An interview with Chris Dyer. https://www.semanticscholar.org/paper/Recurrent-Neural-Network-Grammars-Dyer-Kuncoro/1594d954abc650bce2db445c52a76e49655efb0c
Hello and welcome to the NLP highlights podcast where we talk about interesting recent work in natural language processing.
This is Matt Gardner and Waleed Ammar. We are research scientists at the Allen Institute for Artificial Intelligence.
So today’s paper is Recurrent Neural Network Grammars written by Chris Dyer, Adhiguna Kuncoro, Miguel Ballesteros, Noah Smith. Today we’re very pleased to have Chris Dyer with us on the podcast. Chris Dyer is a researcher at Google Deep Mind and an assistant professor in School of Computer Science at Carnegie Mellon University. His research contributions, span many topics including machine translation, morphology, distributional semantics, parsing among other topics in natural language processing and machine learning. Chris lives in London and in his spare time he plays settle. On a more personal note, Chris was my PhD advisor at CMU and I learned so much from him. It is a true pleasure finding an excuse to meet with you again, Chris.
Well thanks Waleed, it’s a great pleasure for me too.
Okay. So the one sentence summary about this paper is that it describes a probabilistic model for generating sentences with an explicit phrase structure. And this can be used for both parsing and language modeling. So what gets you most excited about this work, Chris?

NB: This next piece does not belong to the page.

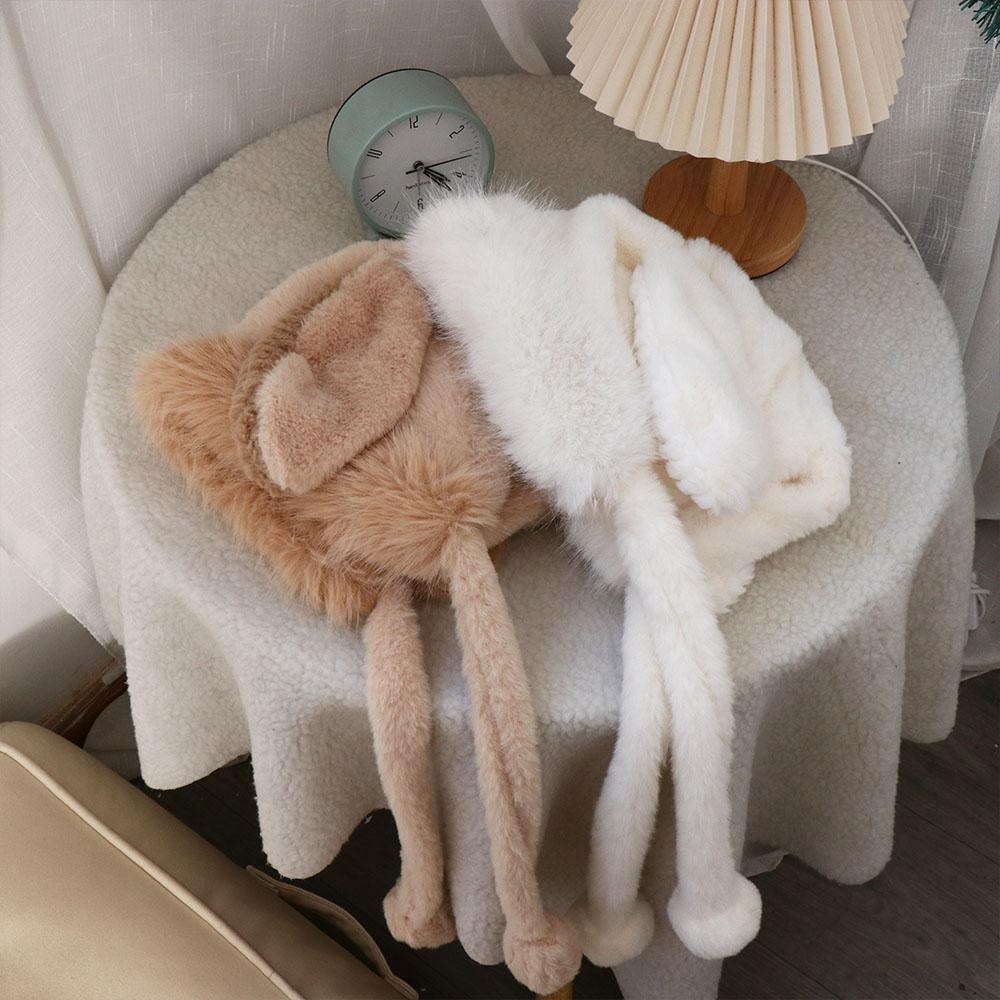 Fluffy Winter Plush Hat Beanie Hat Rabbit Ears Hat Fashion   Outdoor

I think what I really like about this is that it’s a generative model that works really, really well on a problem that we usually think is best solved with discriminative methods. So parsing for example, we give some input, we want to predict some output that seems like a discriminative setup. But here what we’re doing is we’re saying, well, we’re building a joint model where we generate sentences by generating a syntactic structure and then to do parsing. We compute the posterior distribution over trees, given that sentence and say, find the best one. And this turns out to work really well. And that’s exciting because for me as a sort of someone with a background in linguistics syntax, that’s what syntax is designed to do, is to describe how sentences come to be. We think they aren’t just tools for analysis. They are actually a record of how in some sense sentences are generated. We simplified it in various ways and it’s not perfect, but it’s still essentially a generative model. And so to model this using a generative approach and seeing good performance is to me almost a confirmation of the idea of syntax.

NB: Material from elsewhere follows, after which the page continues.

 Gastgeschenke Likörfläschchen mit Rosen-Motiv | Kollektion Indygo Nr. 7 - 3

Okay, great. So one of the new themes in this paper compared to previous work in transition based parsing is that it constructs the parse tree in a top down fashion rather than a bottom up fashion. Could you explain the difference between the two and why one is better than the others or what are the differences?
Right. So a top down process is a more natural order for the generation of a parse tree, so if you go back to these phrase structure parse trees, they really were characterized in terms of a top down process. And so we can use the chain rule to factorize a big joint probability distribution in any way we want. But there really is a inherent reason to think that generating top down is good for this problem. We saw this back, we’ve known this was probably sensible for a long time. We would do things like parent and grandparent annotations to build better grammars for generative models of parsing back in the days when we were doing count based or smoothing based approaches to inferring probabilistic grammars. And those worked really well.

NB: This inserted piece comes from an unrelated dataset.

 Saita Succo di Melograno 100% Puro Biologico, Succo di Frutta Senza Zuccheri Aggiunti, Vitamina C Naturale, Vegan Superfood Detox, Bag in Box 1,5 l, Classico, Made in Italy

In fact, when you conditioned on a sort of very long history going all the way up the tree, you got very, very beautiful grammatical sentences. It was just very hard to estimate them because the data became very sparse. So you can think about what we did in this paper in saying, well, we want to condition on all of this stuff, including the, you know, the ancient ancestors going all the way up the tree. But we’re going to use neural networks to control the capacity of the model. So rather than having a massive sparse model we’re going to have everything embedded in a low dimensional space. And that’ll make the estimation problem a little easier.
Absolutely. So we can think of this as a more elaborate, more expressive way of generating sentences compared to a CFG an SNN based on a CFG parsing.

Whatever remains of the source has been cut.